DOI: 10.3987/COM-08-S(F)104
First Total Synthesis of Crispine B by Nitro Aldol and the Bischler-Napieralski Reaction

Tomohisa Yasuhara, Naoko Zaima, Satoko Hashimoto, Masako Yamazaki, and Osamu Muraoka*

Faculty of Pharmaceutical Sciences, Kinki University, 3-4-1, Kowakae, Higashi-Osaka 577-8502, Japan

Abstract
A pyrrolo[2,1-a]isoquinoline alkaloid, crispine B, was firstly synthesized in 55% overall yield from 3,4-dimethoxyaldehyde via five steps by employing nitro-aldol reaction and the Bischler-Napieralski reaction.

INTRODUCTION
We have been involved in the total synthesis of biologically active multi-substituted tetrahydroisoquinoline alkaloids by utilizing the high nucleophilicity of carbanions generated at the α-nitric position,1 such as nitro-aldol reaction or conjugate addition of the anions to α,β-unsaturated esters. In our previous studies, α- (1) , β- (2) and γ-lycoranes (3), which are deoxygenated skeletons of amaryllidaceae tetrahydroisoquinoline alkaloid lycorine (4), were successfully synthesized2,3 by the strategy mentioned above, chemoselective conjugate addition of aryllithium to a nitroalkene and subsequent stereoselective intramolecular nitro-Michael cyclization being employed.4

Recently, another pyrroloisoquinoline type of alkaloids, such as crispine A (5) and B (6), have been isolated as bioactive constituents from a Chinese fork medicine Carduus crispus L. which has been used for the treatment of cold, stomachache and rheumatism.5 Significant cytotoxic activities6,7 of these compounds on some human-cancer cell line have also been reported. Of these two bioactive alkaloids, enantioselective total syntheses of 5 were accomplished by several groups,7-16 but compound 6 has still been left unsynthesized so far.
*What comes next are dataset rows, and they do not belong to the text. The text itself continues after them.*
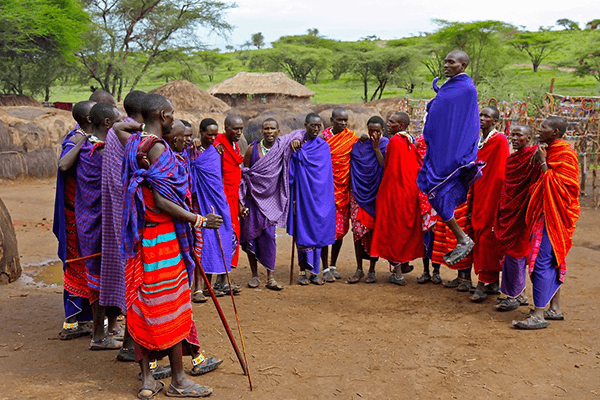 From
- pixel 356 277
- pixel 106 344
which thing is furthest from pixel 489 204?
pixel 106 344

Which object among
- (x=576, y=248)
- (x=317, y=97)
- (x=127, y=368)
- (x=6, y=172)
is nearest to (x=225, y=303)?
(x=127, y=368)

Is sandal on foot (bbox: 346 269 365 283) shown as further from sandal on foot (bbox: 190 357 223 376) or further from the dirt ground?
sandal on foot (bbox: 190 357 223 376)

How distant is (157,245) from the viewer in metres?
3.43

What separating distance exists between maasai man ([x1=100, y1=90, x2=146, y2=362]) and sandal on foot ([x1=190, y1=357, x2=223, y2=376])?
54 centimetres

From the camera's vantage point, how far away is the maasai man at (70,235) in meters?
Answer: 4.46

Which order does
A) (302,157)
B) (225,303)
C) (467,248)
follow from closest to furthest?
(467,248)
(225,303)
(302,157)

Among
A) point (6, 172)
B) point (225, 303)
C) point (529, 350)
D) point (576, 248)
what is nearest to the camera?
point (529, 350)

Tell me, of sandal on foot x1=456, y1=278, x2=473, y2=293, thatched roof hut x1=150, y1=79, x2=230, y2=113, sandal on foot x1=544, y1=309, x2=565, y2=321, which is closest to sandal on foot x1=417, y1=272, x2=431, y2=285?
sandal on foot x1=456, y1=278, x2=473, y2=293

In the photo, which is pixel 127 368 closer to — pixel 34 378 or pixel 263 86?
pixel 34 378

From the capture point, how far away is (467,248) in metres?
4.86

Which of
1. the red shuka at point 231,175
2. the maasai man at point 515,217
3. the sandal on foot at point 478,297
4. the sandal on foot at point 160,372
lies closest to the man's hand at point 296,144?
the red shuka at point 231,175

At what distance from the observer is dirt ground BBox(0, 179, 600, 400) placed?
12.3 feet

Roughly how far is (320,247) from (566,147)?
2.78 metres

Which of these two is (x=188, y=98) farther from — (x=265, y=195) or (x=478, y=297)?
(x=478, y=297) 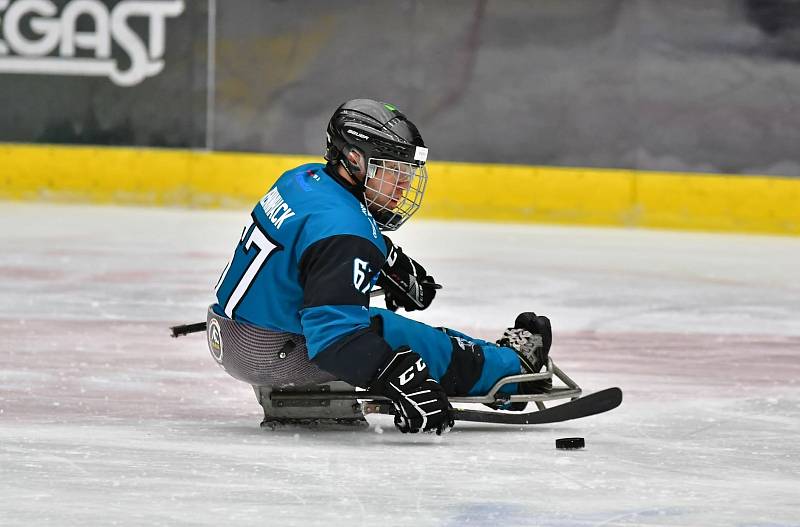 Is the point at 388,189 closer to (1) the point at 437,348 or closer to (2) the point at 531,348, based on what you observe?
(1) the point at 437,348

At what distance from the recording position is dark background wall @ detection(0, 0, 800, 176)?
374 inches

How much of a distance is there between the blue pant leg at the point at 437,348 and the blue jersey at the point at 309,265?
9.0 inches

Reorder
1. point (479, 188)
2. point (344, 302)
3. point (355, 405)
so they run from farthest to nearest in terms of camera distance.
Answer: point (479, 188) → point (355, 405) → point (344, 302)

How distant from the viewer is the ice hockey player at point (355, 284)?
3.57 metres

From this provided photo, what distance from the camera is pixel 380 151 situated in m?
3.77

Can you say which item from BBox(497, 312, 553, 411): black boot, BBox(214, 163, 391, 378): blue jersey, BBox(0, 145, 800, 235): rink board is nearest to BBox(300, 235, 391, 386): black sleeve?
BBox(214, 163, 391, 378): blue jersey

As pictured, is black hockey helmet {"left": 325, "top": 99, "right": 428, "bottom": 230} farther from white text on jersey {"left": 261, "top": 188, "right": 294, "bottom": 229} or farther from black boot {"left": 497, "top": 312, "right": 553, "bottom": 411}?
black boot {"left": 497, "top": 312, "right": 553, "bottom": 411}

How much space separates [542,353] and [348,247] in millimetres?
801

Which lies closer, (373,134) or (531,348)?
(373,134)

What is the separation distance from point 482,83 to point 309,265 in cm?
641

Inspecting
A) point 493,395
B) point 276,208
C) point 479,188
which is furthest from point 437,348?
point 479,188

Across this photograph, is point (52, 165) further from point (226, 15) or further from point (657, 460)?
point (657, 460)

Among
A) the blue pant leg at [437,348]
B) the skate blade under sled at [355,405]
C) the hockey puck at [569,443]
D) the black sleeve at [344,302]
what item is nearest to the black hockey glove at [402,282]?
the blue pant leg at [437,348]

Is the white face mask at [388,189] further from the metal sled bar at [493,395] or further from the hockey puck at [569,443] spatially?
the hockey puck at [569,443] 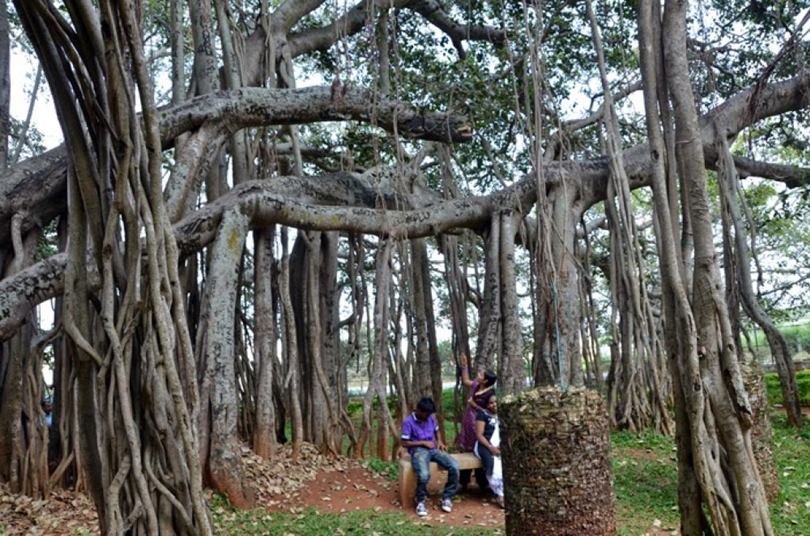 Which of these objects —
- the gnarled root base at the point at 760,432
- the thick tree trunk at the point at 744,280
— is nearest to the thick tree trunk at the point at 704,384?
the gnarled root base at the point at 760,432

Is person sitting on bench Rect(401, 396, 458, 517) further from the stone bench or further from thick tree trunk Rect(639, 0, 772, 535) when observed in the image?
thick tree trunk Rect(639, 0, 772, 535)

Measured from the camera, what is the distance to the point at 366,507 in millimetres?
4703

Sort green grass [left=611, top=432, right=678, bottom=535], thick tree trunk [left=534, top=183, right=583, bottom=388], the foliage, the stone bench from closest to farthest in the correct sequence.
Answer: green grass [left=611, top=432, right=678, bottom=535], the stone bench, the foliage, thick tree trunk [left=534, top=183, right=583, bottom=388]

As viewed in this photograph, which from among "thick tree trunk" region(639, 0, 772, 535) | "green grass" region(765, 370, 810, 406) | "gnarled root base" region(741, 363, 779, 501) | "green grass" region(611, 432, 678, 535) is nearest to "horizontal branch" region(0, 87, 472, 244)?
"thick tree trunk" region(639, 0, 772, 535)

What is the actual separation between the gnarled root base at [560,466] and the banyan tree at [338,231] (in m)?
0.02

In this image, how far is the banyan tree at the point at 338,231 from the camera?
7.84 feet

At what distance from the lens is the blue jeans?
14.9 ft

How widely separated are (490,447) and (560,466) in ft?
4.46

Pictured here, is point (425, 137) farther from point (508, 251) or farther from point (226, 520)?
point (226, 520)

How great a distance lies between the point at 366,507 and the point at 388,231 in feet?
7.82

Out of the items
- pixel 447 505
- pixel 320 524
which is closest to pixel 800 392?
pixel 447 505

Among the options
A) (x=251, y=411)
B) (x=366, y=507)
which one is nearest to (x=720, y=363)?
(x=366, y=507)

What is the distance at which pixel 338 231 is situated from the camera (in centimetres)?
612

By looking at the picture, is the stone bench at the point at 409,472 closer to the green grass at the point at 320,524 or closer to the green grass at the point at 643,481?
the green grass at the point at 320,524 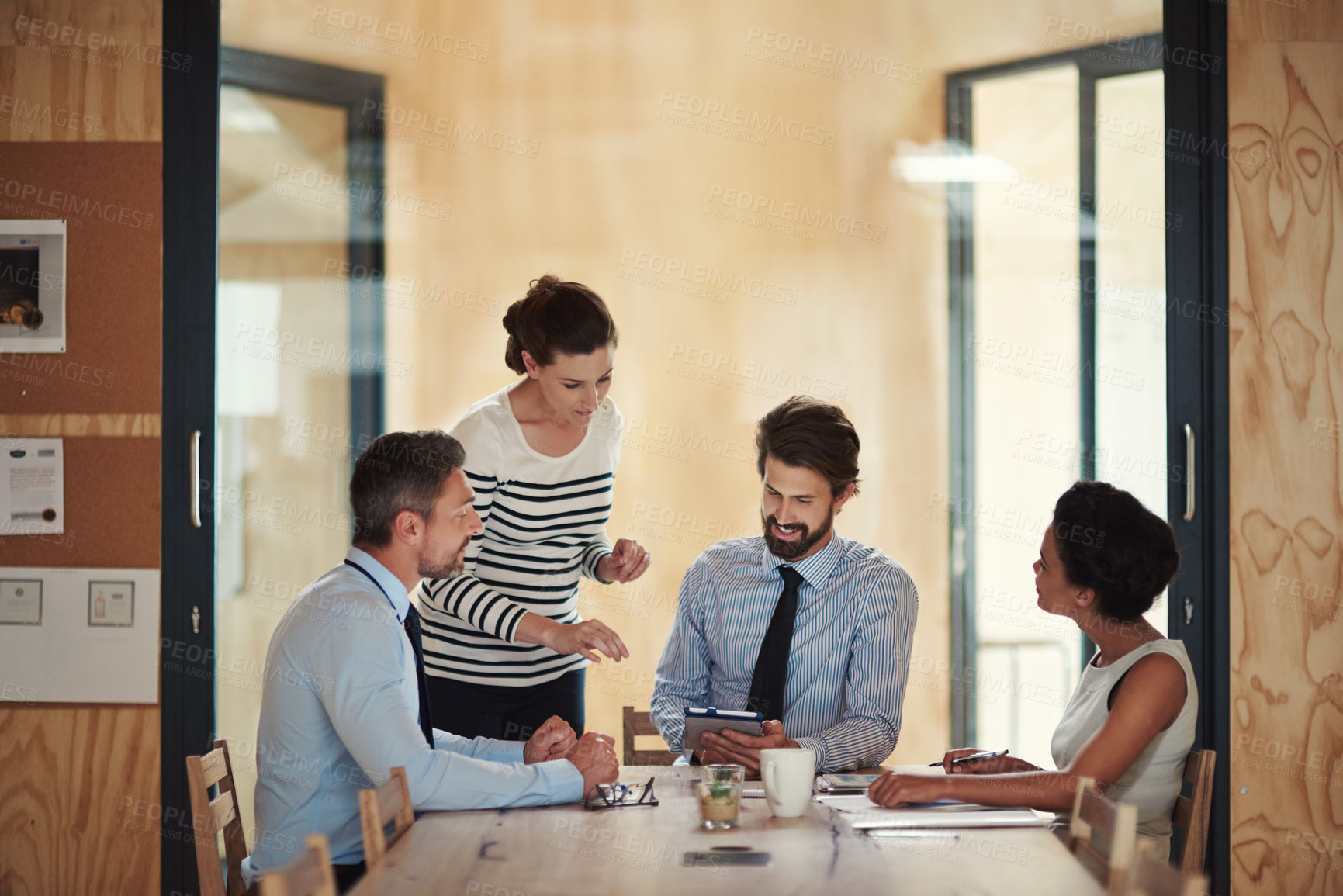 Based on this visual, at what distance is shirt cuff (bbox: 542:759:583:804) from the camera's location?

As a part of our continuing study on the synthesis of multi-substituted tetrahydroisoquinoline alkaloids, we describe herein the facile first total synthesis of crispine B (6) by applying our general strategy, as is shown in Scheme 1, for the synthesis of such kind of alkaloids. In the present study, the target compound 6 was synthesized in 55% overall yield in five steps by using 3,4-dimethoxybenzaldehyde (7, R1 = (-OMe)2, R2 = H), nitromethane (8, R3 = H) and 4-chlorobutyric acid (9, R4 = -CH2CH2CH2Cl) as substrates.

RESULTS AND DISCUSSION
As for the Henry reaction of the first step, we employed the simple and practical method recently developed by Oriyama and co-workers.17 Thus, in the presence of MS4A, treatment of 3,4-dimethoxy­benzaldehyde (7) with nitromethane (8) in DMSO for 24 h at room temperature afforded 1-(3,4-dimethoxy­phenyl)-2-nitroethanol (10) in 86% yield (Scheme 2). Palladium catalyzed reduction of the nitro group of 10 with hydrogen gave 2-amino-1-(3,4-di­methoxyphenyl)ethanol (11), which was then treated, without purification, with 4-chlorobutyloyl chloride (9) in the presence of triethylamine at 0 °C to give the desired N-acylated product, 4-chloro-N-[2-(3,4-dimethoxy­phenyl)-2-hydroxy­ethyl]­butyramide 12 in 93% yield from 10. Intramolecular cyclization reaction of 12 with sodium hydride in DMF for 3 h at 0 °C afforded 1-[2-(3,4-dimethoxy­phenyl)-2-hydroxy­ethyl]­pyrrolidin-2-one (13) in 85% yield. The Bischler-Napieralski reaction9,18-20 of 13 and dehydration reaction with phosphoryl chloride in toluene under reflux for 3.5 h gave crispine B (6) in 81% yield. Spectroscopic data and the melting point of the synthetic crispine B (6) were in good accordance with those reported.6

Thus, facile total synthesis of crispine B (6) was accomplished in 55% overall yield from 3,4-dimethoxyaldehyde via five steps. Synthesis of other multi-substituted tetrahydroisoquinoline alkaloids by employing the general strategy shown in Scheme 1 is in progress.

EXPERIMENTAL
Column chromatography was effected over Fuji Silysia Chemical silica gel BW-200. NMR spectra (400 MHz 1H, 100 MHz 13C) were measured in CDCl3 on a JEOL AL-400 spectrometer using tetramethylsilane as an internal standard unless otherwise noted. Chemical shifts (δ) and coupling constants (J) are given in ppm and Hz, respectively. IR spectra were measured on a Shimadzu IR-455 spectrometer, and wavenumbers of maximum absorption peaks are presented in cm-1. MS spectra were measured on a JEOL tandem MStaion JMS-700 spectrometer. All melting points were taken on a hot stage apparatus and are uncorrected. Combined organic extracts were dried over anhydrous sodium sulfate prior to evaporation.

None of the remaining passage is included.